What color is terrorism

Dwain Northey (Gen X)

There’s apparently a magical dividing line in America, and it has nothing to do with morality, violence, or even whether people are dead. No, the dividing line is whether your name sounds like it belongs on a Fox News chyron next to the words “suspected extremist” or whether it sounds like the guy grilling hot dogs at the Fourth of July parade while ranting about “protecting freedom.”

If your name is Mohammed, Miguel, or Carlos, and you so much as raise your voice in public after someone rear-ends your car, congratulations — half the country is ready to convene a Senate hearing on “the growing threat.” Suddenly every cable news expert becomes a body language analyst. “Did you see the intensity in his eyes?” Yeah, Karen, he just got hit by a Buick.

But if your name is Kyle, Donald, or John, and you walk into a Walmart dressed like you’re auditioning for a low-budget militia documentary carrying enough firepower to invade a small nation?
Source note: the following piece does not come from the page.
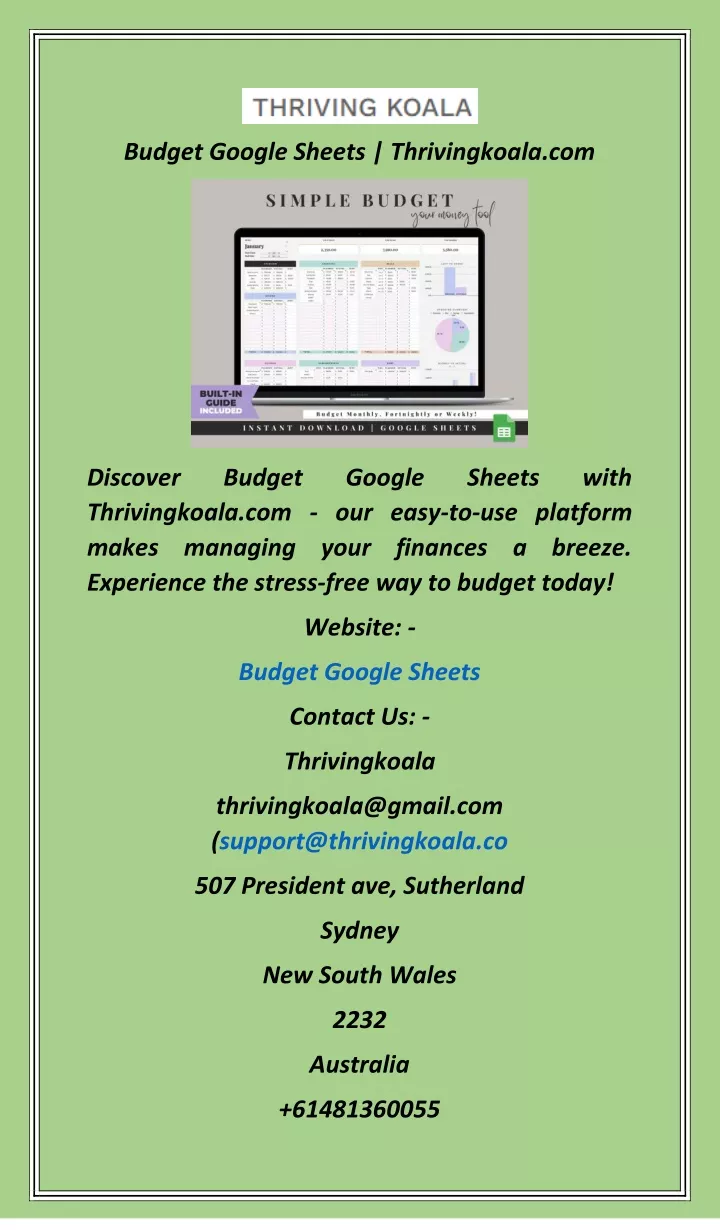 budget google sheets thrivingkoala com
Well, now everybody has to be “careful” not to politicize the tragedy. Thoughts and prayers. Candlelight vigils. Long discussions about mental health. Maybe a profile from old classmates saying, “He was always quiet.”

Quiet? So is a rattlesnake before it bites somebody.

And somehow the conversation always circles back to how this is “the price of freedom.” Really? Interesting definition of freedom we’ve got going here. Apparently freedom means elementary school children practicing active shooter drills before they can spell the word “constitution.” Freedom means parents getting texts from schools that begin with, “This is not a drill.” Freedom means we’ve normalized body armor for third graders while lawmakers wear AR-15 lapel pins like they’re merit badges from the world’s dumbest Boy Scout troop.

Meanwhile, if a brown guy leaves a backpack unattended at an airport for six seconds because he had to tie his shoe, Homeland Security suddenly acts like they’re reenacting a season finale of 24. Entire terminals locked down. Bomb squads. News helicopters. “Possible terror incident.”

But some pale dude posts a 900-page manifesto online filled with racist conspiracy theories, then drives three states over with assault rifles and murders innocent people? Ah, tragic lone wolf. Just another isolated incident. Amazing how isolated these incidents are when they happen every other week.

And I’m exhausted pretending we don’t all see it.

We’ve created this absurd double standard where melanin automatically equals suspicion while whiteness comes with an endless reserve of excuses. One group gets treated like they’re guilty before they even speak. The other gets every possible benefit of the doubt after they’ve literally opened fire.

The irony is staggering. The same people screaming about “law and order” are often the first to explain away domestic terrorism when the perpetrator looks like their nephew Chad who “just got mixed up online.” Funny how terrorism only counts when it comes with an accent.

And before somebody inevitably clutches their pearls and says, “Don’t make this about race,” I’d love to hear what alternate magical explanation exists for why entire communities are treated like suspects while others are treated like unfortunate misunderstandings. Because from where I’m sitting, the pattern isn’t subtle anymore. It’s tattooed across our politics, our media, and our justice system in neon lights.

At this point, America doesn’t have one definition of terrorism. It has a sliding scale based on skin tone, surname, and whether the shooter’s yearbook photo looks like he once played JV baseball.

And we all know it. Some people are just more comfortable lying about it than others.